Cloudinary Blog

New Google-powered add-on for automatic video categorization and tagging

Introducing Automatic Video Tagging and Content Categorization

Due to significant growth of the web and improvements in network bandwidth, video is now a major source of information and entertainment shared over the internet. As a developer or asset manager, making corporate videos available for viewing, not to mention user-uploaded videos, means you also need a way to categorize them according to their content and make your video library searchable. Most systems end up organizing their video by metadata like the filename, or with user-generated tags (e.g., youtube). This sort of indexing method is subjective, inconsistent, time-consuming, incomplete and superficial.

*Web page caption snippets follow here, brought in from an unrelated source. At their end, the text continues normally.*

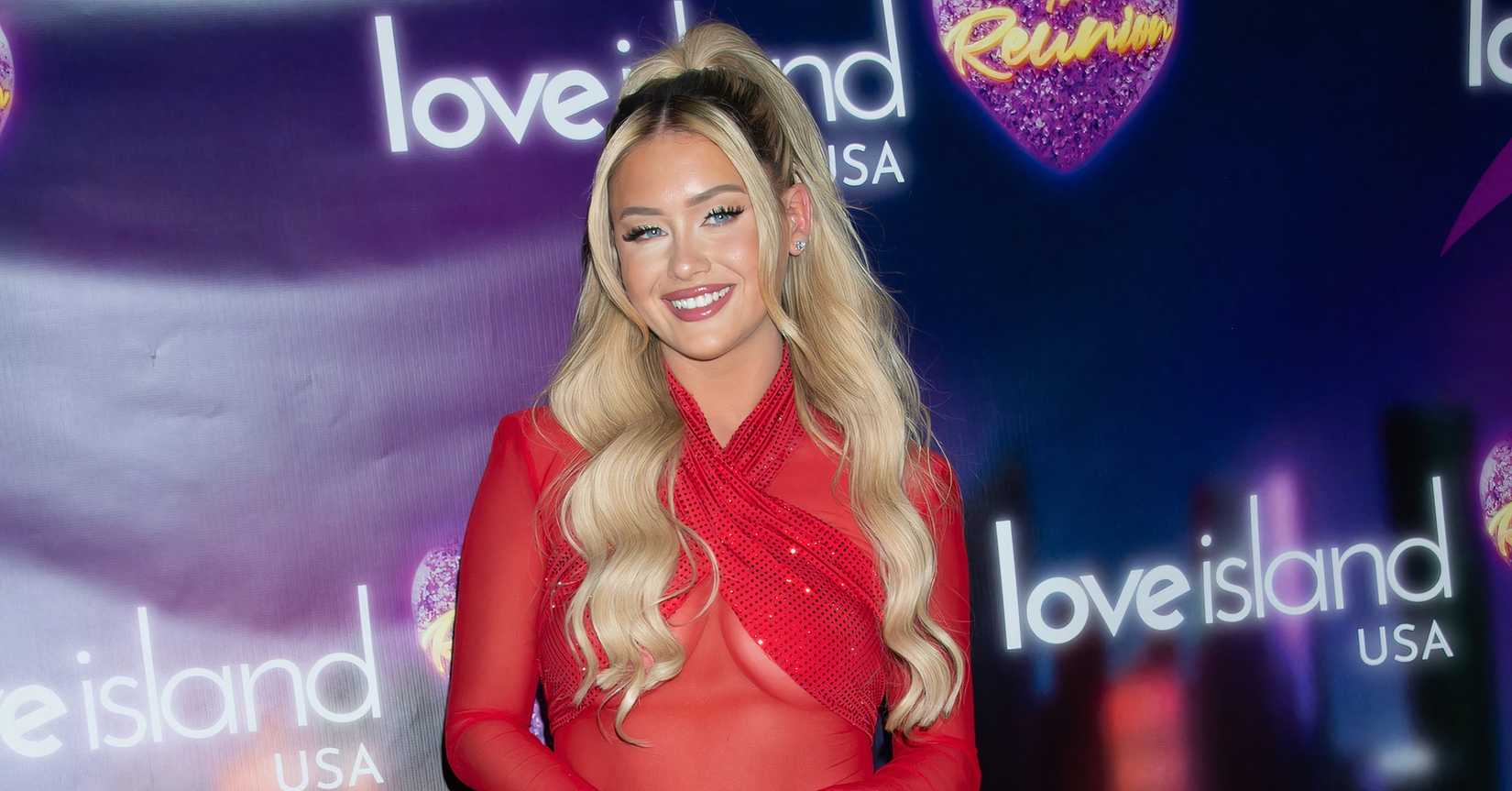 Love Island USA’s Kaylor Martin Discusses ‘Regrets’ After Aaron Evans ...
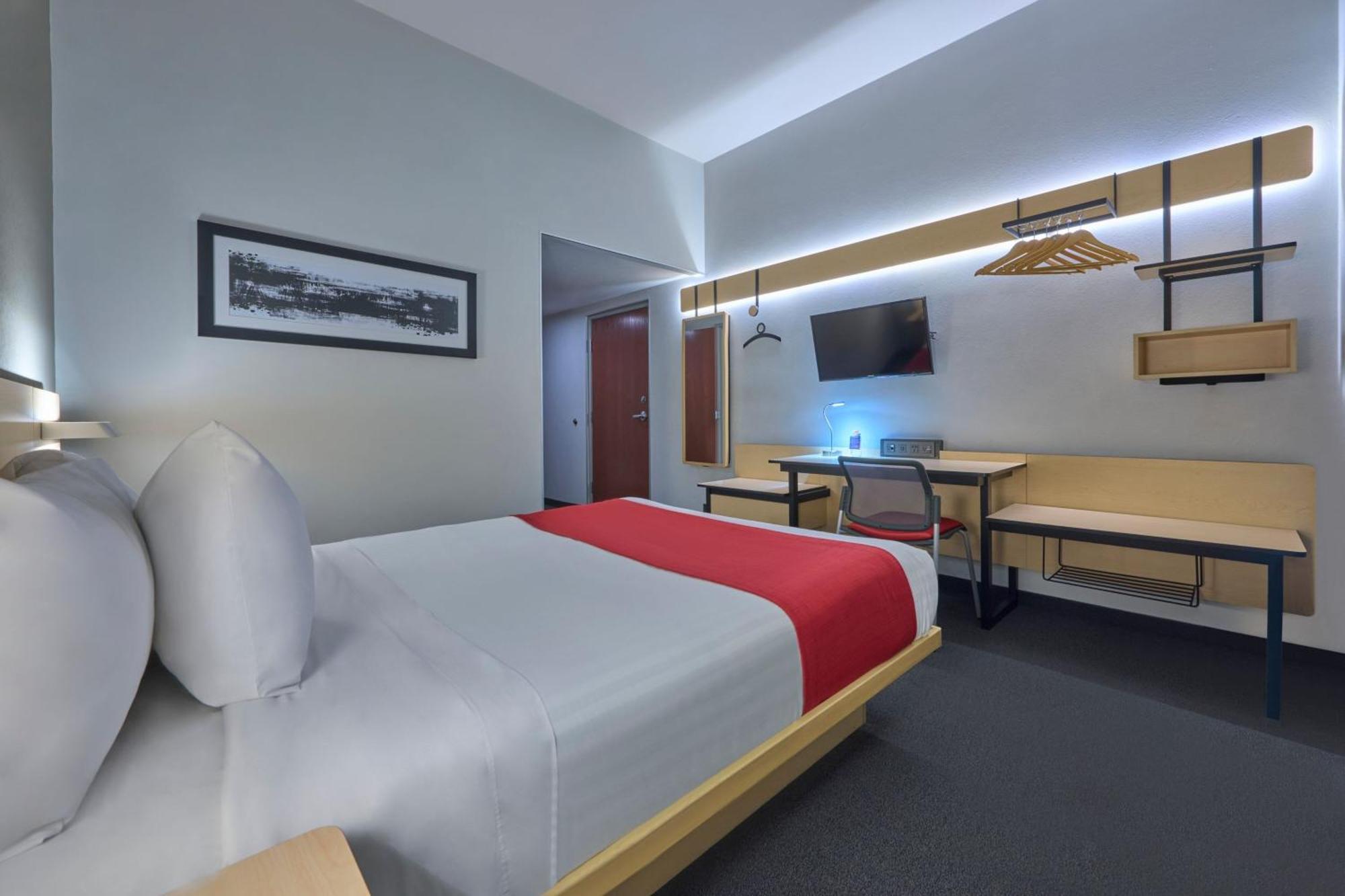 City Express By Marriott Toluca Exteriér fotografie
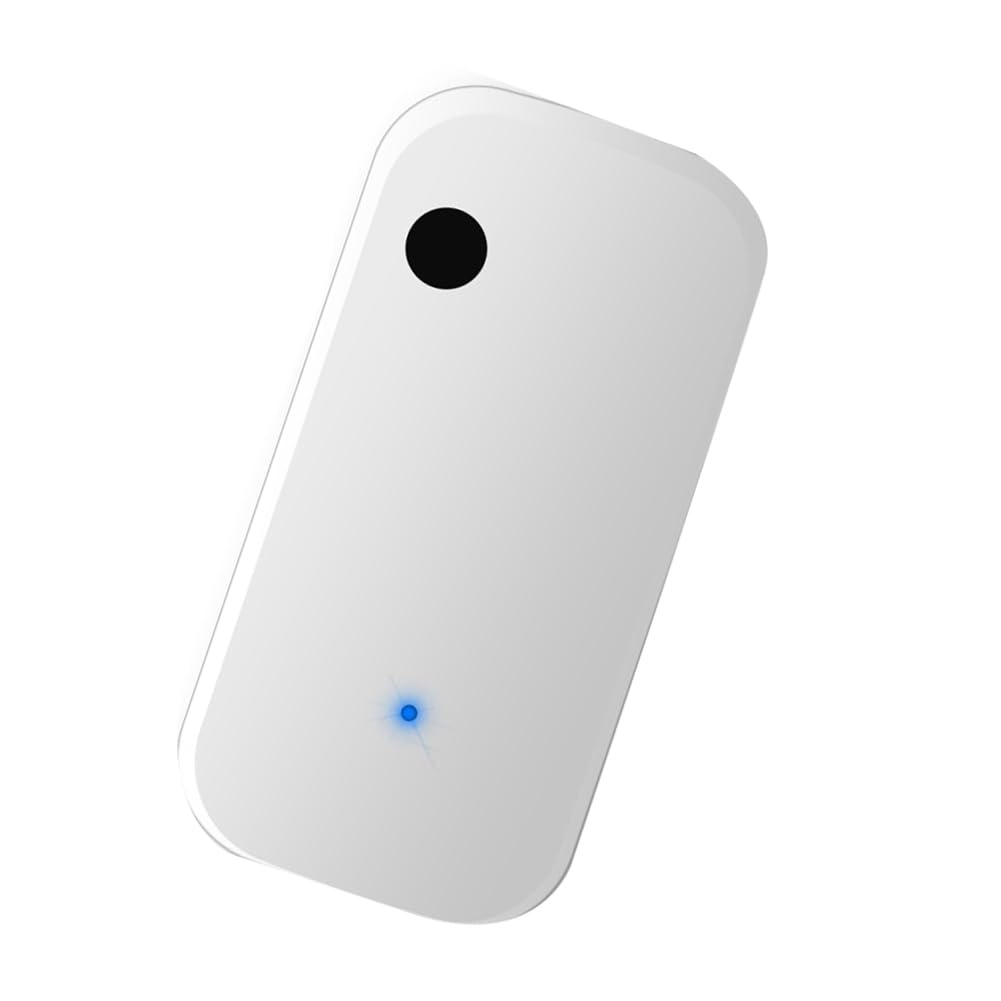 rirue Tuya ZigBee Light Sensor Smart Home Illumination Sensor APP Linkage Control Brightness Detector Illumination Automation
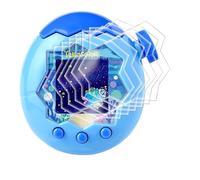 GIOPUEY Screen Protector for Tamagotchi Paradise, [6 Packs] Flexible TPU Screen Protective Film, [Anti-Bubble] [Wear-resistant] - Transparent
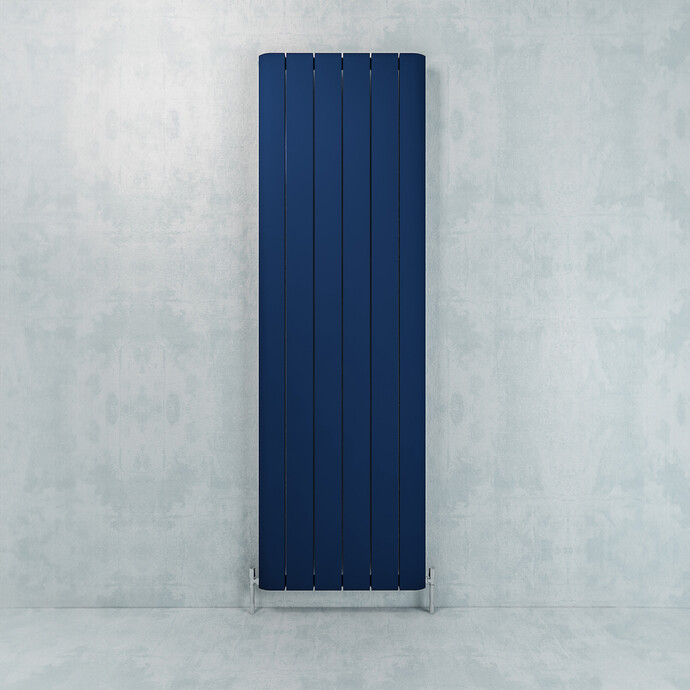 Warma Selanik Dikey Alüminyum Radyatör 565x1800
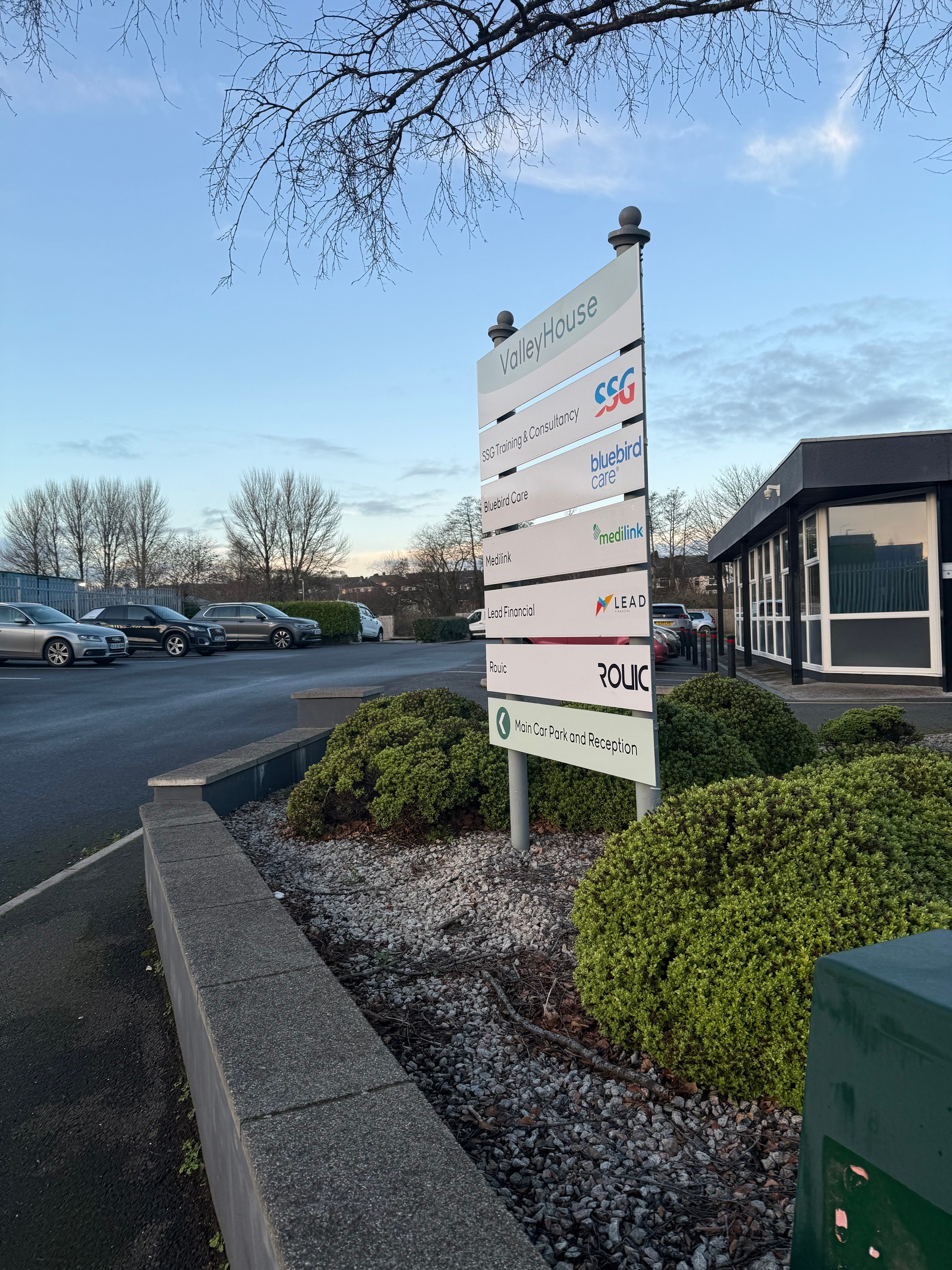 Rouic Office Space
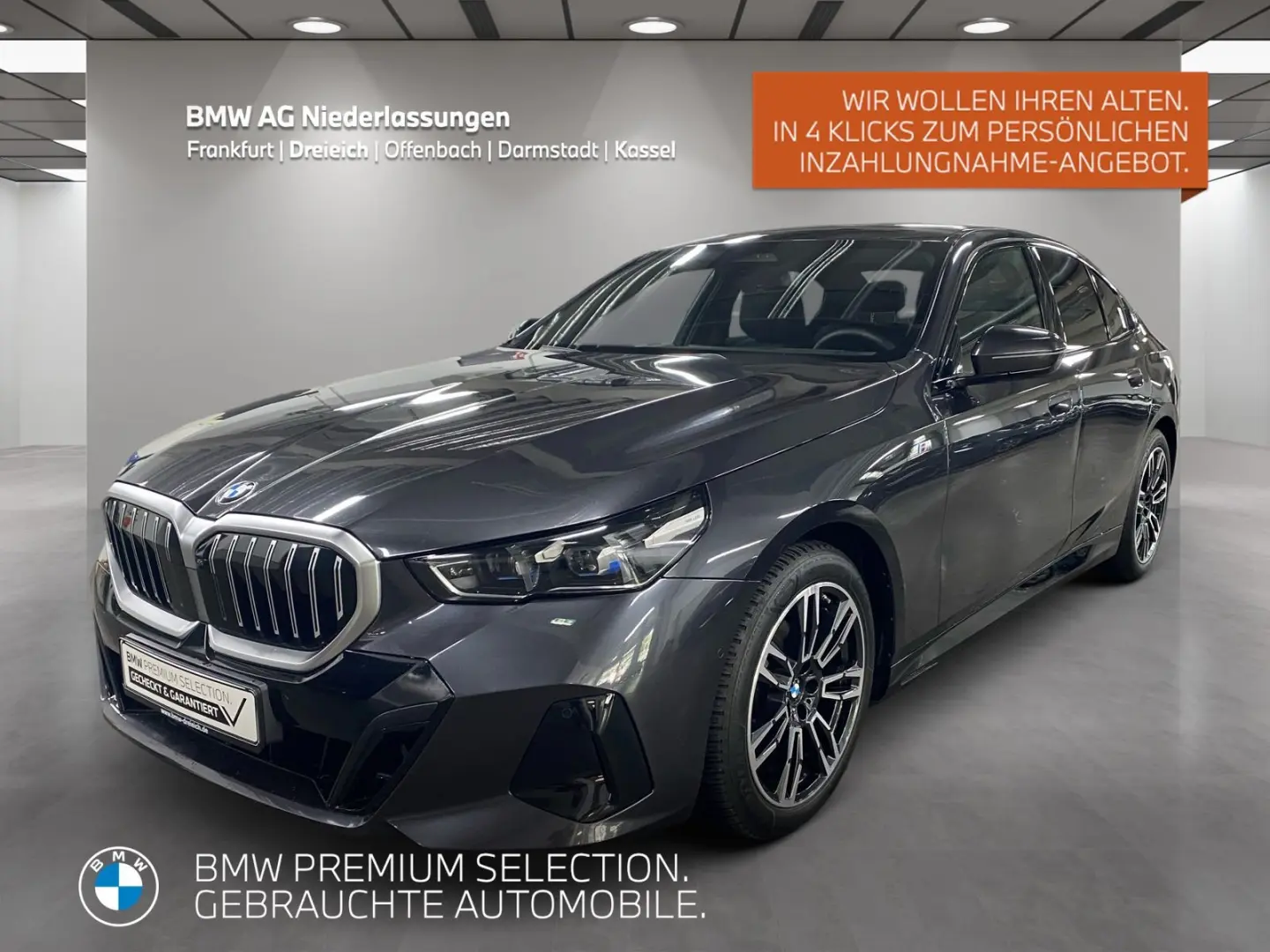 520d xDrive M Sport Driv.Assist+ Harman/K LED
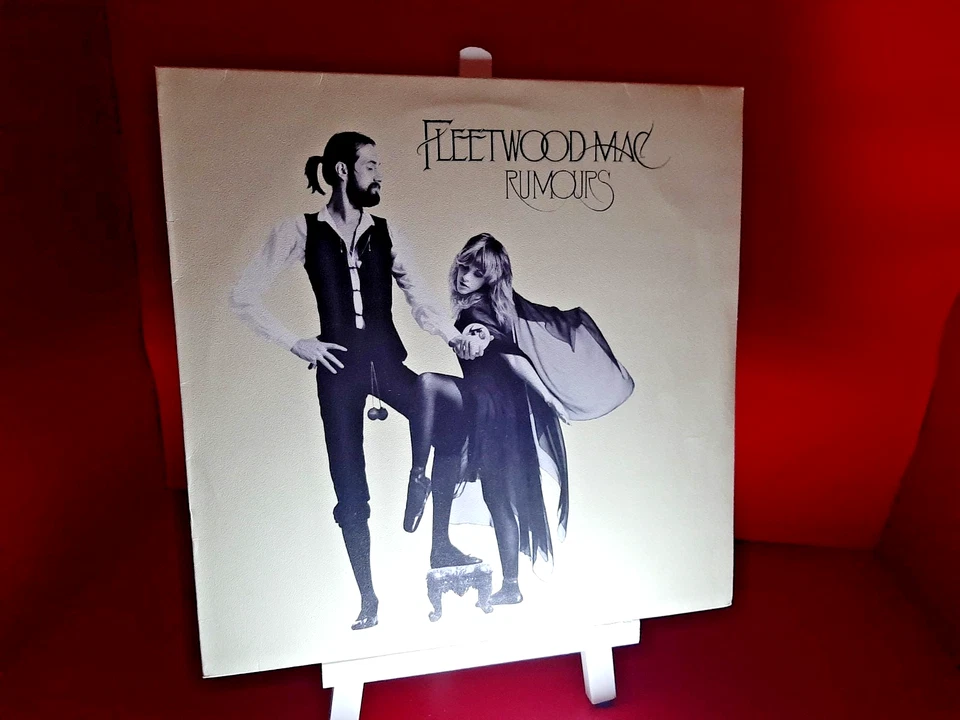 Fleetwood Mac Rumours · Lp, photo 1 sur 2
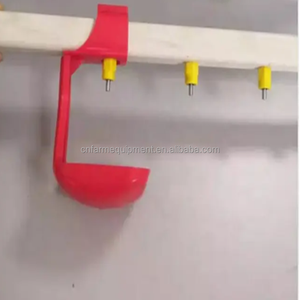 Nuova condizione pollame pollo capezzolo bevitore <span class=keywords><strong>plastica</strong></span> innaffiatore animale per uso agricolo - Product Image 5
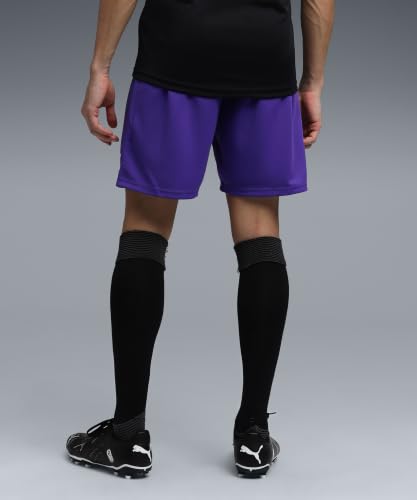 teamRISE Short,Prism Violet-Puma WHI,USS – Ansicht 5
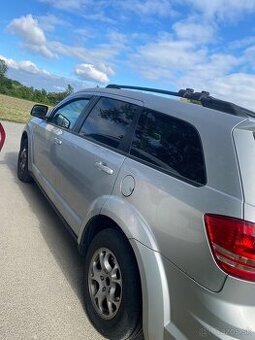 Dodge Journey – spoľahlivé a priestranné SUV za rozumnú cenu
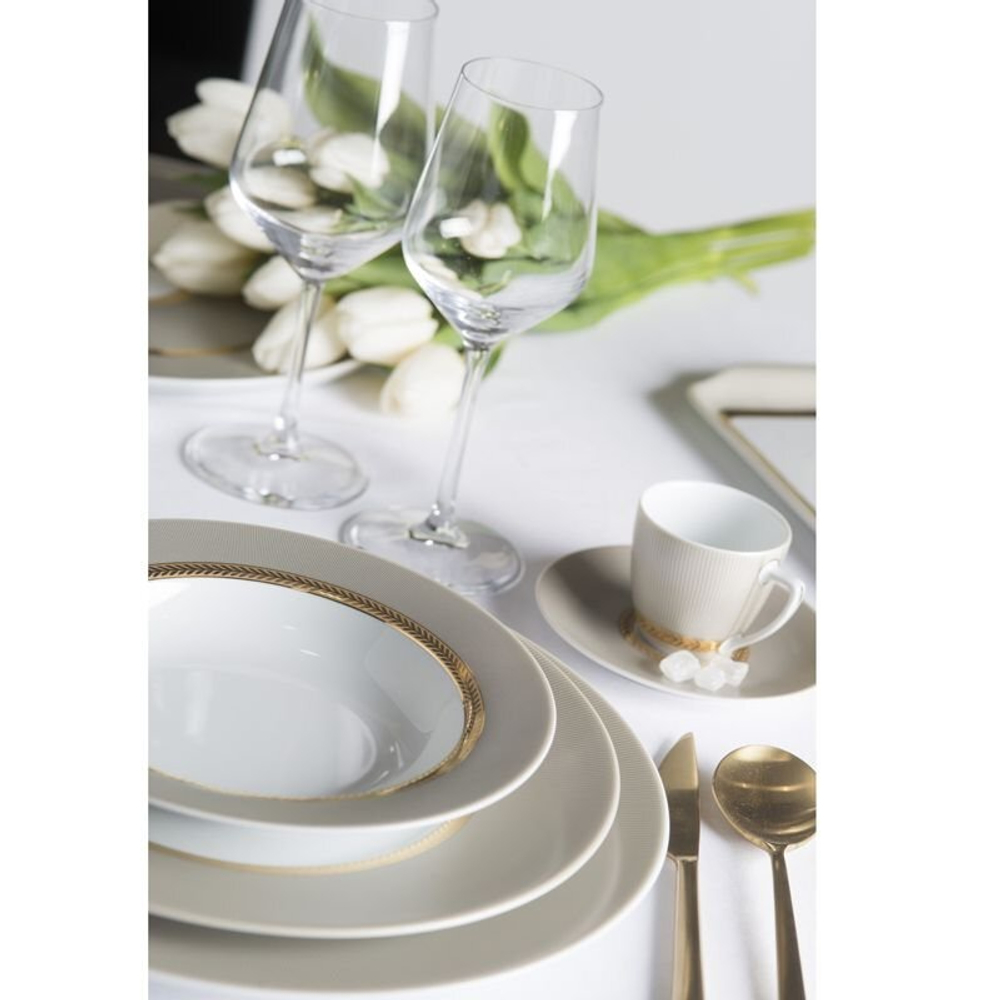 Сервиз столовый 32 предмета Deshoulieres Pharaon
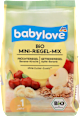 Fruchtriegel Bio Mini-Riegel-Mix ab 1 Jahr babylove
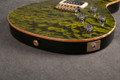 PRS Tremonti Artist Pack - Flame Maple Neck - Jade - Signed - Case - 2nd Hand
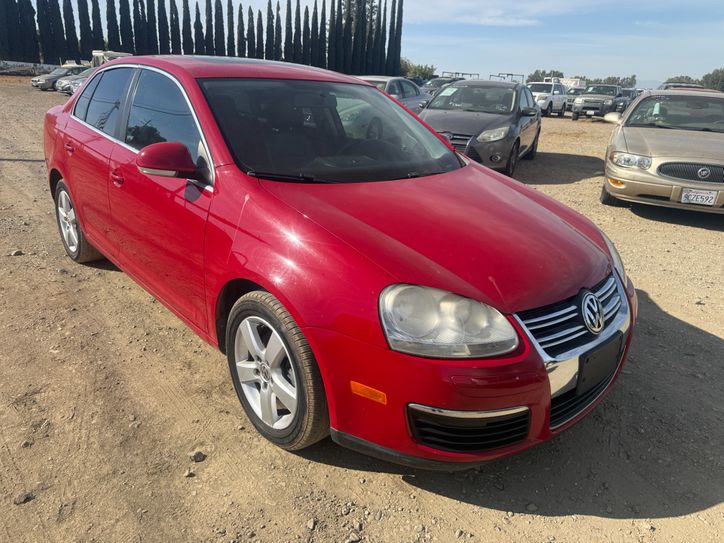 Used 2009 Volkswagen Jetta Sedan FWD image 1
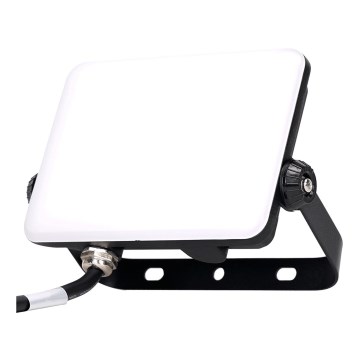 Aigostar - Proyector LED LED/30W/230V 4000K IP65 negro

A well-organized indexing system lets you easily manage and organize your media libraries:

  • Enable personnel across your entire organization to find resources they may need
  • Increase engagement by helping your users find exactly what they’re looking for
  • Help you connect your users with common interests and help them find other content that would interest them
  • Increase sales or advertising revenue by determining the main subjects that interest particular users and integrating this information with your existing analytics/personalization tools to display relevant product recommendations or adverts

But ultimately, any sort of manual video categorization process would take huge amounts of time and resources.

Introducing Cloudinary's Automatic Video Tagging add-on, powered by Google Cloud Video Intelligence, which is now fully integrated into Cloudinary's video management and delivery pipeline. State-of-the-art machine learning allows for the recognition of various visual objects and concepts in videos, simplifying and automating the categorization and tagging process.

Using the Automatic Video Tagging add-on

Take a look at the following video of horses:

Using the add-on, automatically assigning resource tags to the video is as simple as adding 2 parameters when either uploading a new video or updating an existing video: set the categorization parameter to google_video_tagging and the auto_tagging parameter to the minimum confidence score necessary before automatically adding a detected category as a tag. For example, uploading the horses video and requesting automatic tagging for all categories meeting a confidence score of over 40%:

   :resource_type => :video, :categorization => "google_video_tagging", :auto_tagging => 0.4)
  array("categorization" => "google_video_tagging", "auto_tagging" => 0.4));
  categorization = "google_video_tagging", auto_tagging = 0.4)
  function(result) { console.log(result); }, 
  { categorization: "google_video_tagging", auto_tagging: 0.4 });
cloudinary.uploader().upload("horses.mp4", ObjectUtils.asMap(
  "categorization", "google_video_tagging", "auto_tagging", "0.4"));

Once the categorization process completes, the information is returned to Cloudinary and all categories that exceed your specified confidence score are automatically added as tags on your video.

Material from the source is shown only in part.